New Hayward power plant delayed

The Associated Press
Monday May 20, 2002

Construction was slated to start this week, but now officials say it may not start at all 


HAYWARD – Plans to begin construction on a new power plant in Hayward this summer have been changed. 

Instead of construction beginning this summer, the plant now may not be built at all. 

Calpine’s planned 600-megawatt Russell City Energy Center will not be up for approval by the state Energy Commission until August at the earliest. 

The plant was pitched during the state’s energy crisis. But recent upheaval in the power market means the project is on hold. 

“What changed? Where do we start?” said Calpine spokesman Kent Robertson. “The energy crisis has taken an odd turn and turned the power market upside down.” 

Calpine isn’t sure now whether it would be able to get the $300 million dollars in investment backing to cover construction costs. 

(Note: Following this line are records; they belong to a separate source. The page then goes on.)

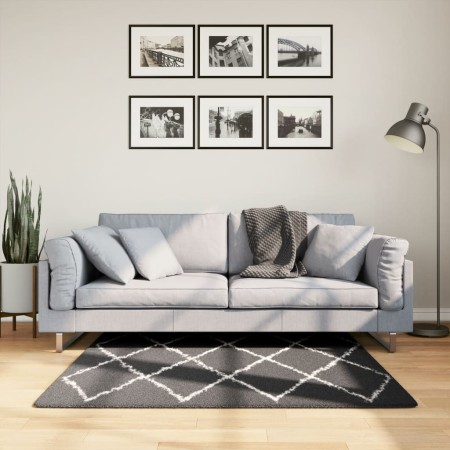 PAMPLONA modern long pile rug black and cream 120x120cm by , Rugs - Ref: Foro24-375409, Price: 35,61 €, Discount: %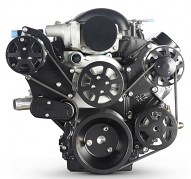 6 Rib Serpentine Pulley Kit w/ Remote PS Reservoir, Matte Black - Chevy LS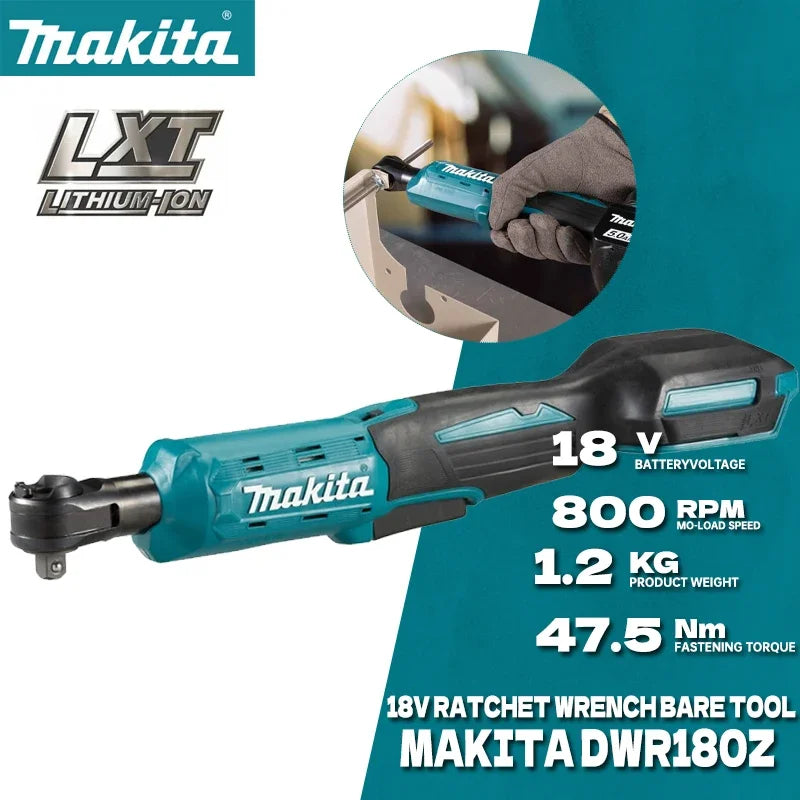 MAKITA DWR180Z klucz grzechotkowy akumulatorowy 18V LXT 6,35mm 800obr/min 47,5N·m klucz kątowy klucz nasadowy elektronarzędzia DWR180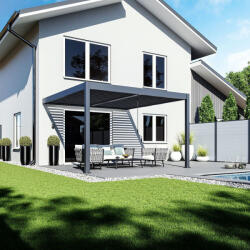 ROJAPLAST INTRO DUO bioklimatikus pergola 4×4 m - alumínium, falhoz rögzíthető, antracit színben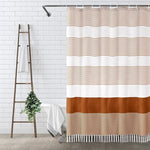 rideau douche polyester bleu clair rayures horizontales plissé moderne opale
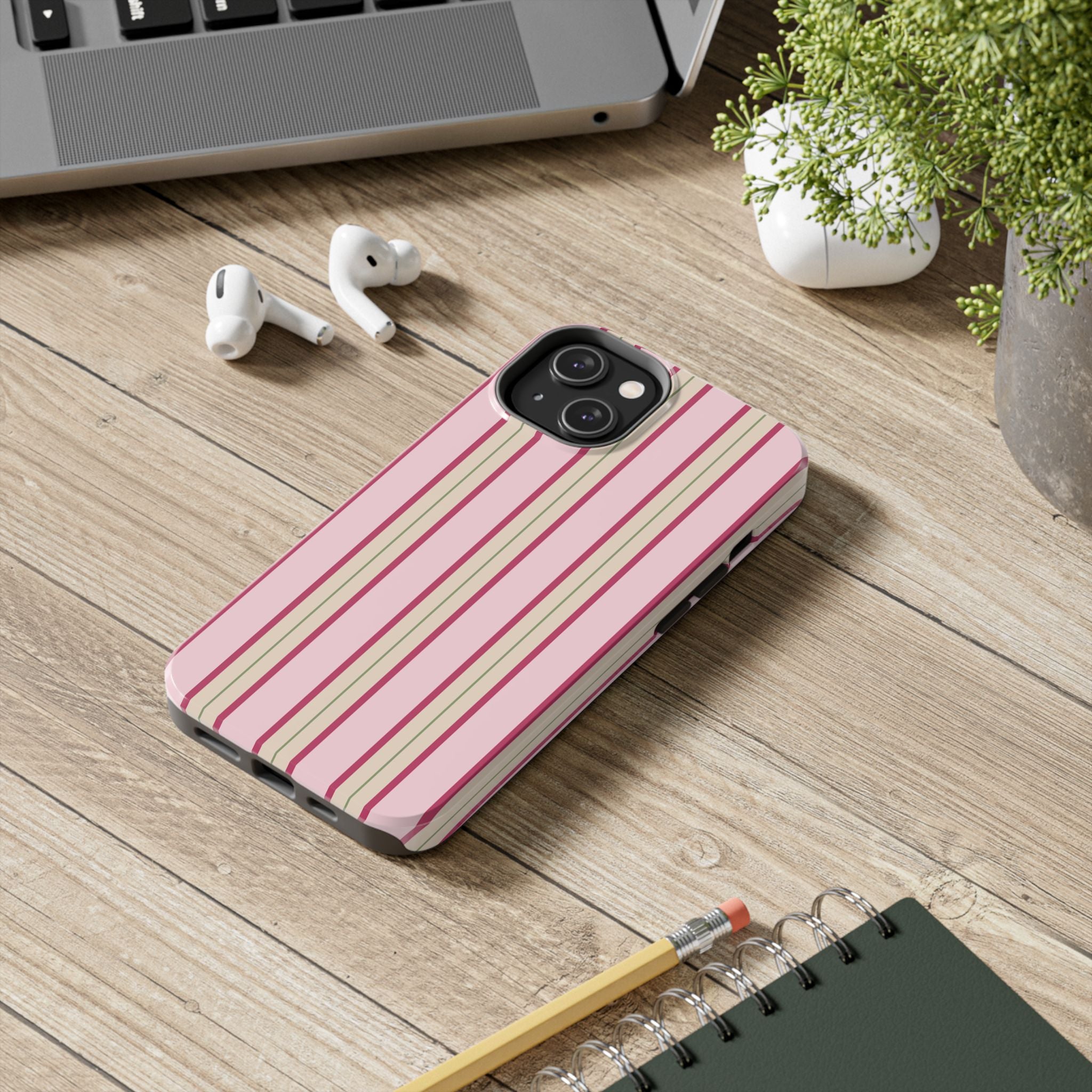 Blush Column | Pink & Burgundy Stripe Tough Phone Case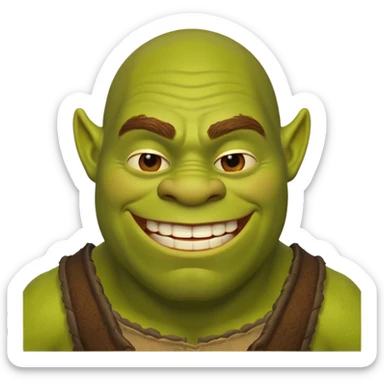Create a Shrek emoji for a teams chat but make it more original style to the movie sticker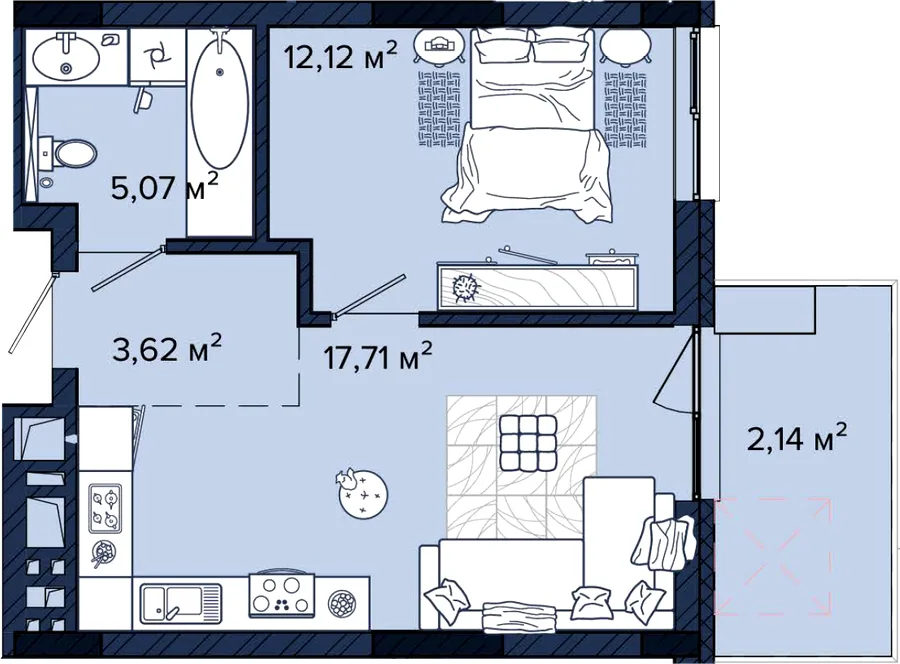 1-комнатная квартира, 41 м², вул. Наукова, 5, Львов — фото 1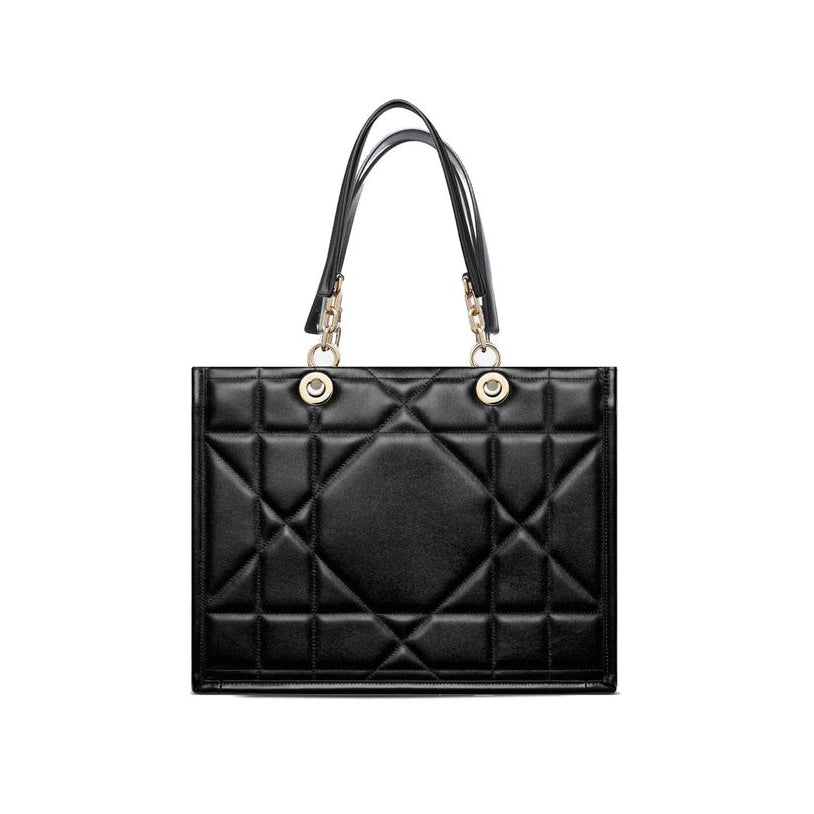 Dior Medium Black Leather Tote Bag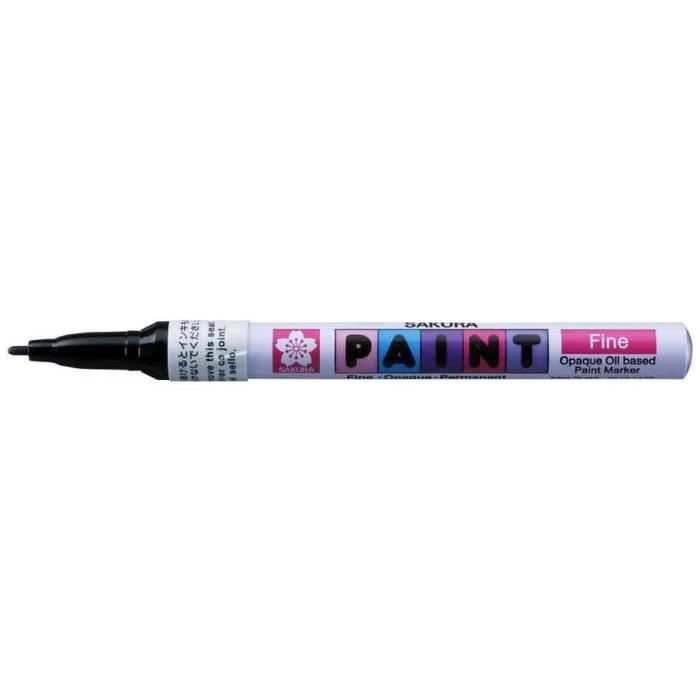 Marqueur permanent - SAKURA - Paint Marker fin - Noir - Pointe en fibre - Indélébile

If it were built, the new plant would plug into PG&E’s Eastshore substation. Preliminary studies show that the transmission lines may not be able to handle the proposed plant’s production under certain circumstances. 

The Energy Commission and the Independent Service Operator suggest that replacing the lines would be the best way to address the load problems, according to the commission’s report. 

The approval process has also been somewhat hampered by a disagreement over what improvements Calpine would make to surrounding wetlands in the area.